Reolink’s early Prime Day offers are a must-see for anyone after quality home security cameras at a great price

So, you want a home security camera…
Alun Taylor
Written By
Sponsored By Reolink
Published on 16 June 2026

Only a few years ago, setting up a home security camera system involved forking out a lot of money for a professional CCTV system and having it professionally installed.  

The mass adoption of Wi-Fi and smartphones has changed all that. Now it’s easy to buy a camera system without breaking the bank and set it up yourself with only the most basic of DIY skills. 

The question is: which cameras should you buy? There are a few major considerations here:

1. The storage subscription

First and foremost, do you need to take out a rolling subscription to access the recordings your camera makes? If it does, you will be tied to an ongoing monthly or yearly subscription. Here at Expert Reviews, we regard this as a Very Bad Thing.  

2. The power/data supply

Next up there’s the little matter of power and data. Some cameras need a proper 240V mains power supply but others come bundled with a solar panel to keep an internal battery charged, so you don’t need to worry about getting mains power from the inside to the outside. 

While Wi-Fi works for many people, there may be situations in which you want a wired data connection, which means a camera with Ethernet or Power over Ethernet (PoE) is the best option. 

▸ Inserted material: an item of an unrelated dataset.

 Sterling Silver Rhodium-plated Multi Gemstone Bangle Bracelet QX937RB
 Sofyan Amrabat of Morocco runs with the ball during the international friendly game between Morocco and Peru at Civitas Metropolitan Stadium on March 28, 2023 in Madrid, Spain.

3. The purpose of the camera

It’s also worth considering what you actually need your camera to do. Most domestic security cameras have floodlights designed to light up the average suburban garden or driveway in mind, rather than illuminate larger expanses, be they domestic or commercial.  

A good security camera will come with powerful floodlights, high-quality infrared receivers for very low light situations, but also good low-light colour vision, which can give the impression of daylight even if the only ambient light comes from the moon and the occasional streetlight. 

Here at Expert Reviews, we reckon Reolink is the security camera maker that ticks most of the boxes for anyone serious about their home security camera system, and it just so happens that they have some cracking discounts in this year’s pre-Prime Day deals, which run on Amazon 16-22 June ahead of the main event. 

Today, we’ll be taking a look at four Reolink cameras that you can pick up with some serious discounts come Prime Day: The TrackFlex Floodlight WiFi, the TrackMix PoE, the Go PT Ultra with Solar Panel, and the battery-powered Reolink Video Doorbell. 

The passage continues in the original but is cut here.